DUBLIN (Reuters) – Microsoft’s LinkedIn, a social network for professionals, on Thursday said it would add 800 new jobs to its European headquarters in Dublin, the latest technology company to boost its presence in Ireland.
The move underscores signs that hiring in Ireland remains robust despite neighbouring Britain’s planned departure from the Europe Union and a slowdown in global economic growth.
Foreign companies account for around one in 10 jobs among Ireland’s more than two million workers, benefiting from a corporate tax rate of just 12.5%.
The European Commission in August 2016 ordered Ireland to recover 13 billion euros from Apple because of an illegal tax deal which gave the company an unfair advantage in breach of the bloc’s state aid rules. But the ruling has done little to slow the flow of multinational jobs into Ireland, with the amount of new roles growing at a record pace last year.
Facebook said in January that it would hire 1,000 more people in Dublin this year.
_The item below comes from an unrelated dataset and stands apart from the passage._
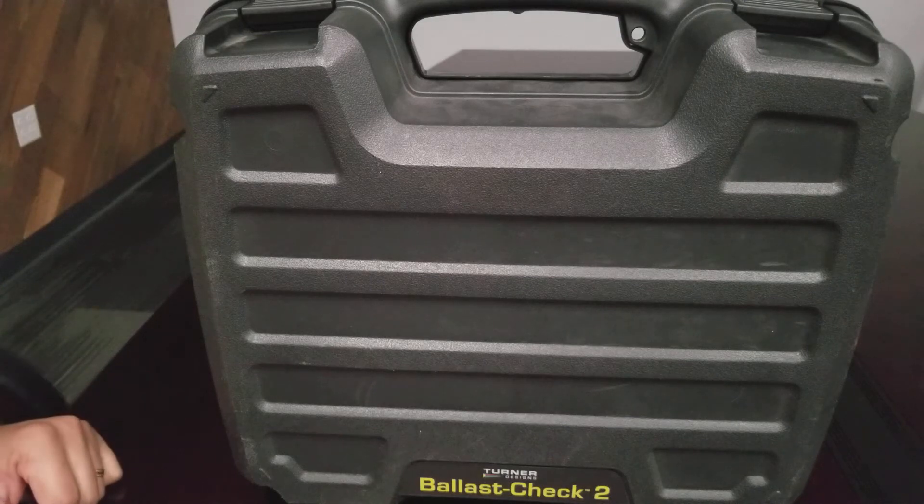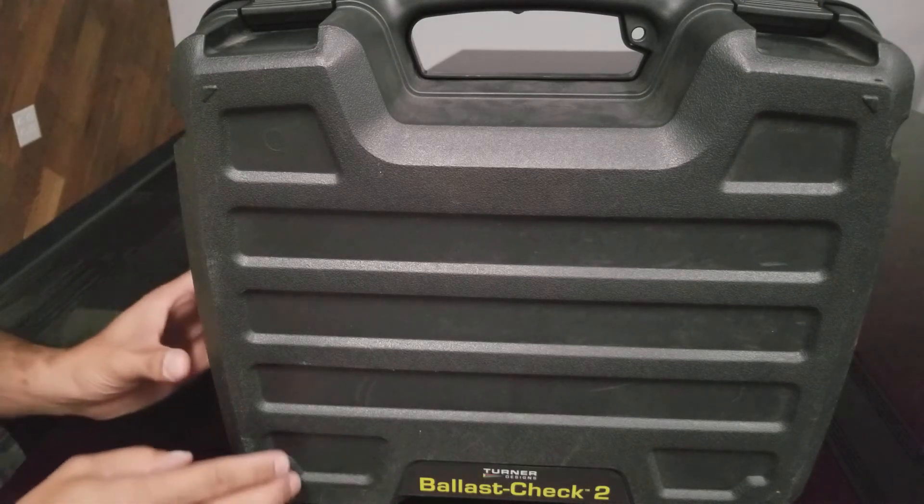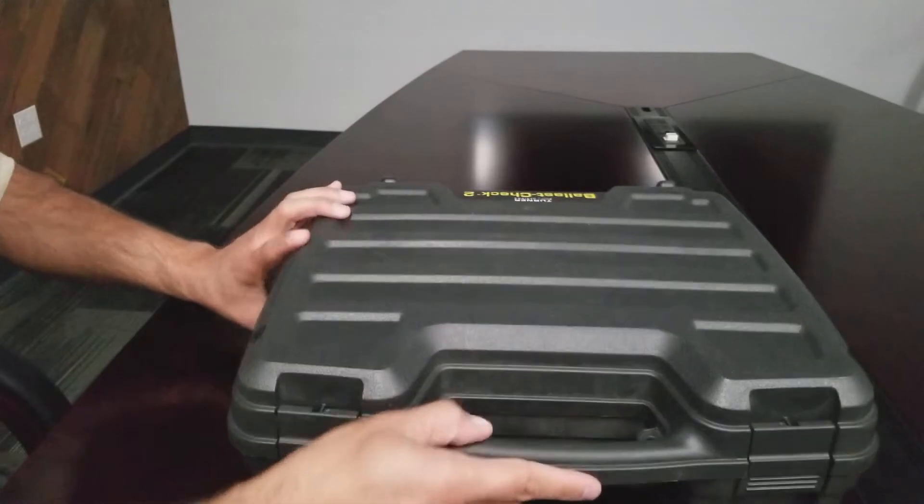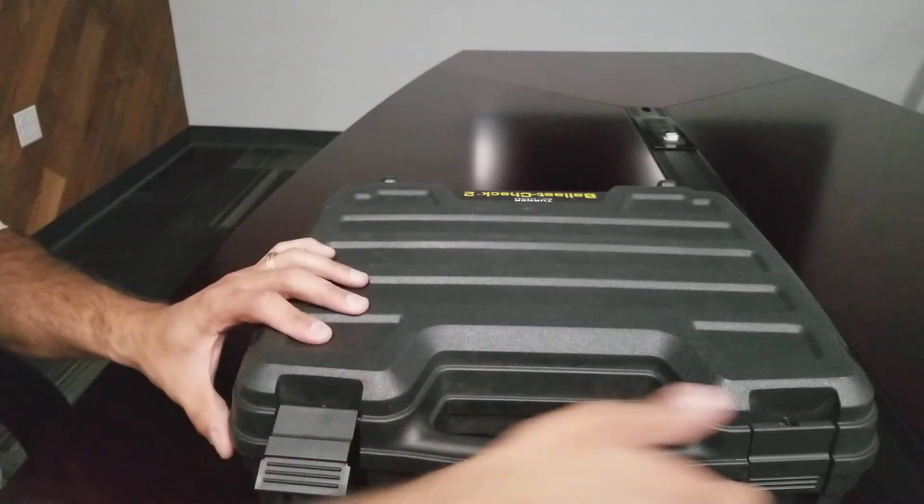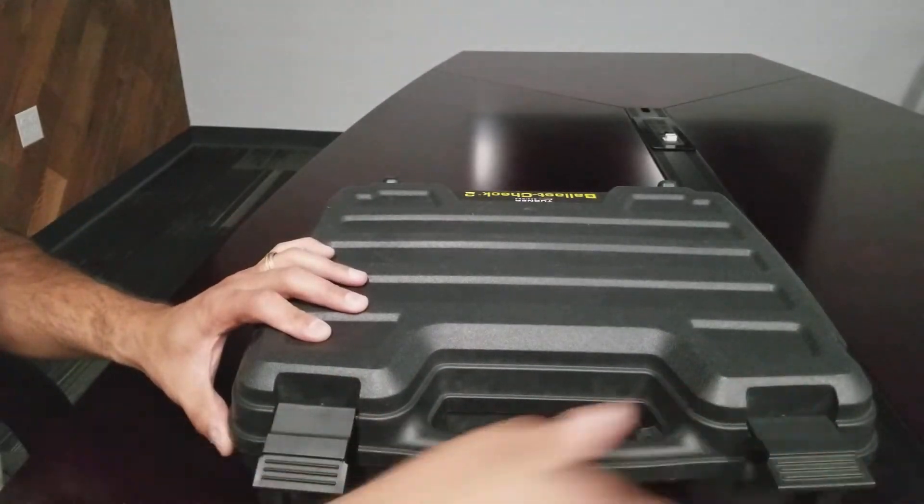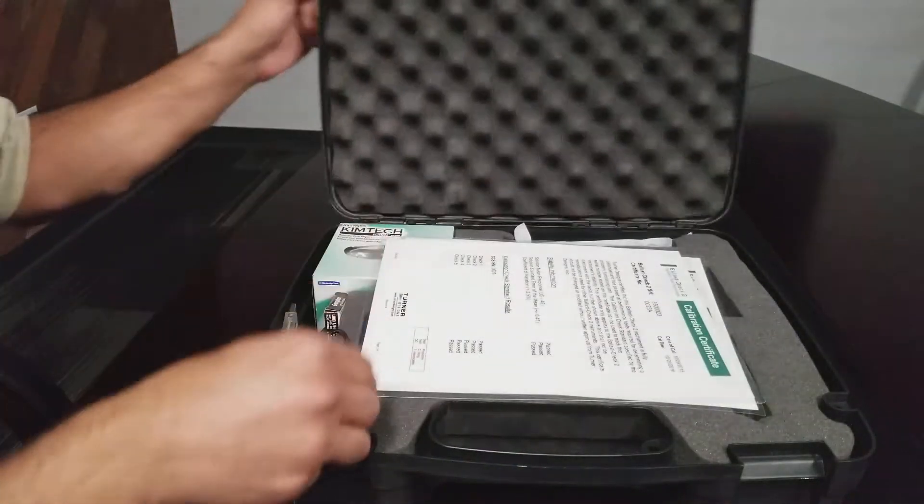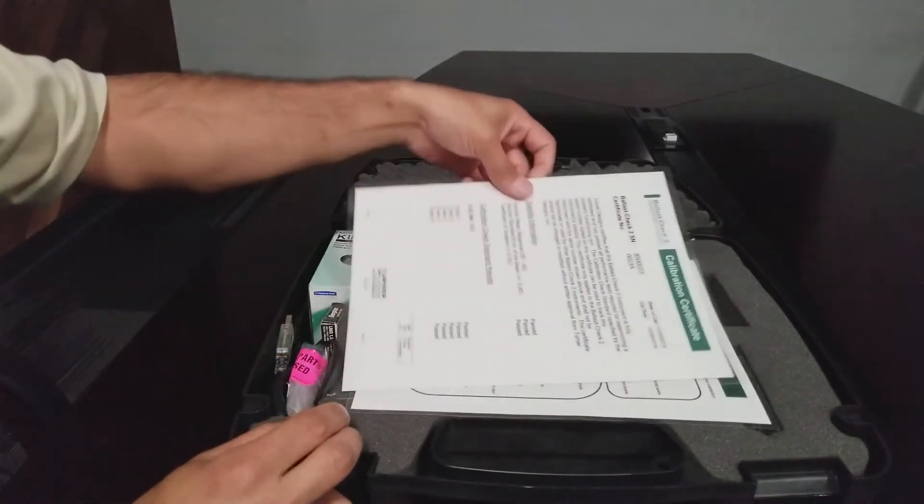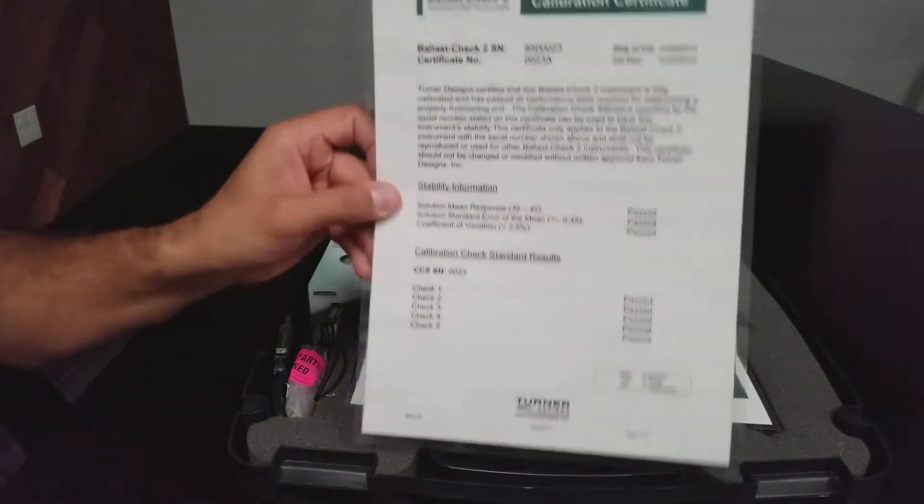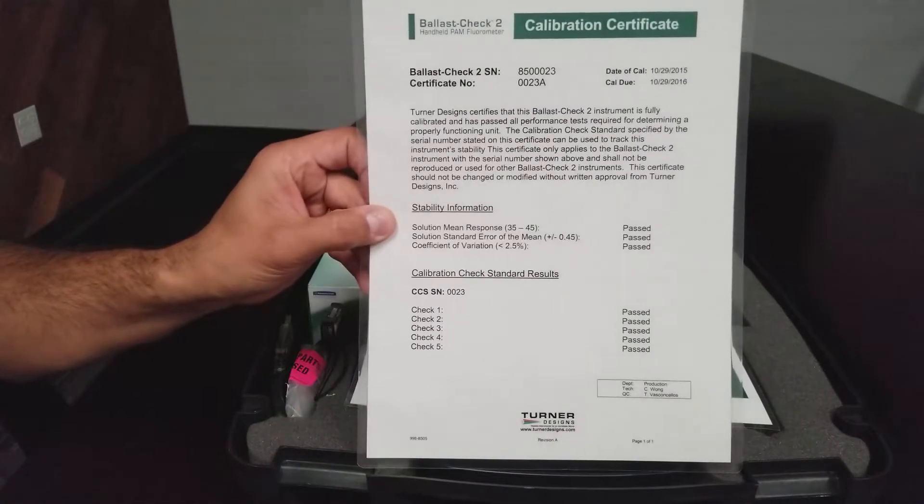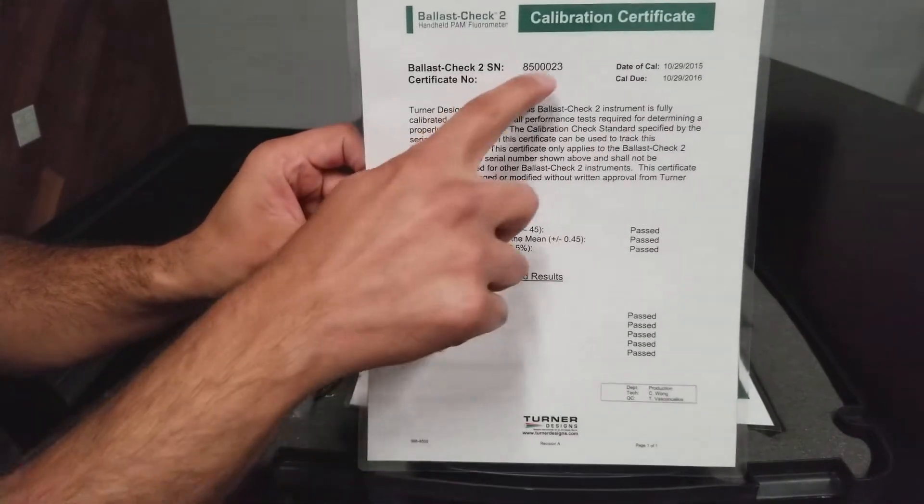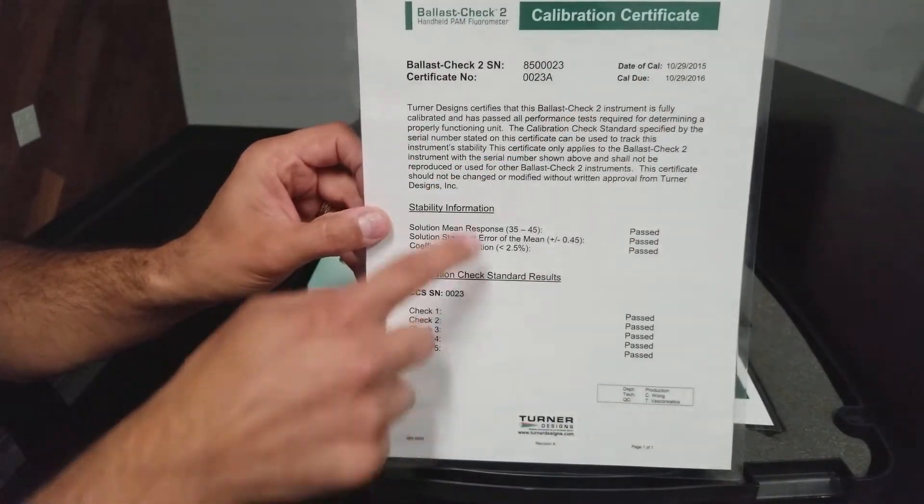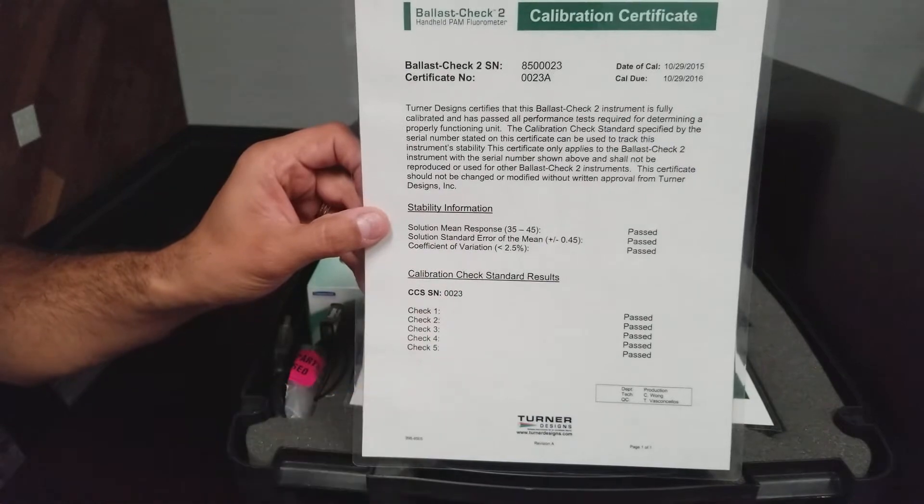The Ballast Check 2 and its accessories will be received in a Ballast Check 2 carrying case, which includes a calibration certificate with the Ballast Check 2 serial number, date it was calibrated, and the tests performed at Turner Designs.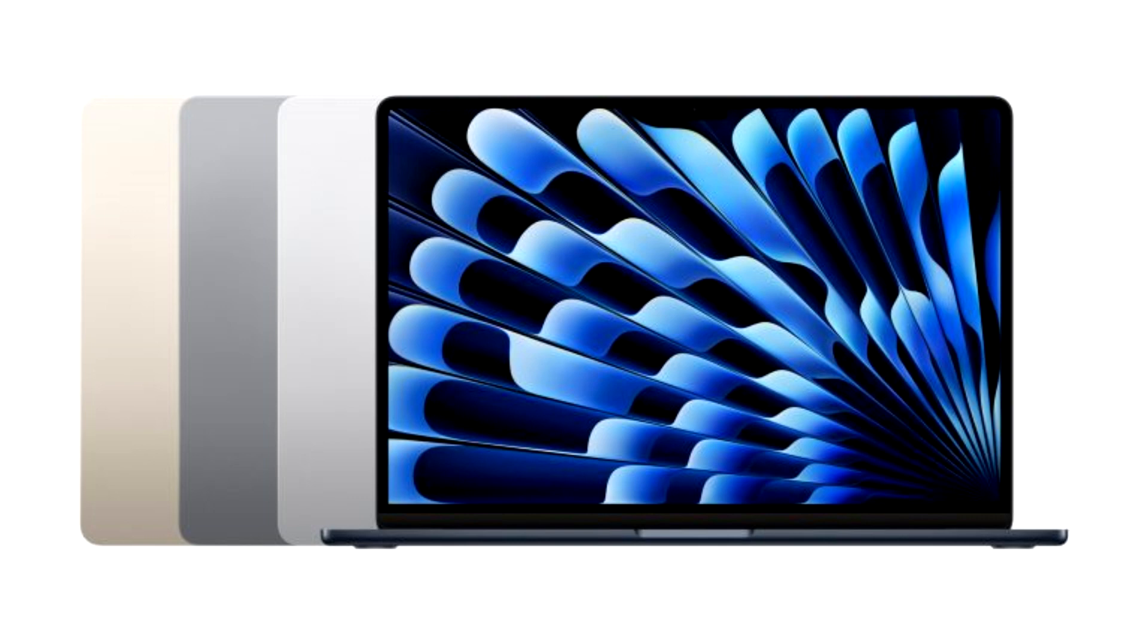According to Bloomberg, the initial wave of Macs powered by the M3 chip could be released as soon as October. In the latest Power On newsletter, it's reported that there's potential for another launch following Apple's annual iPhone event in September.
U.S. cloud software maker Salesforce has also said it planned to add 1,500 jobs over the next five years, one of the largest job commitments in the 70-year history of the state’s foreign investment agency.
Sunnyvale, California-based LinkedIn, which has more than 630 million members around the world, said the new employees will be based at a new 150,000 square foot development in central Dublin due for completion towards the end of next year.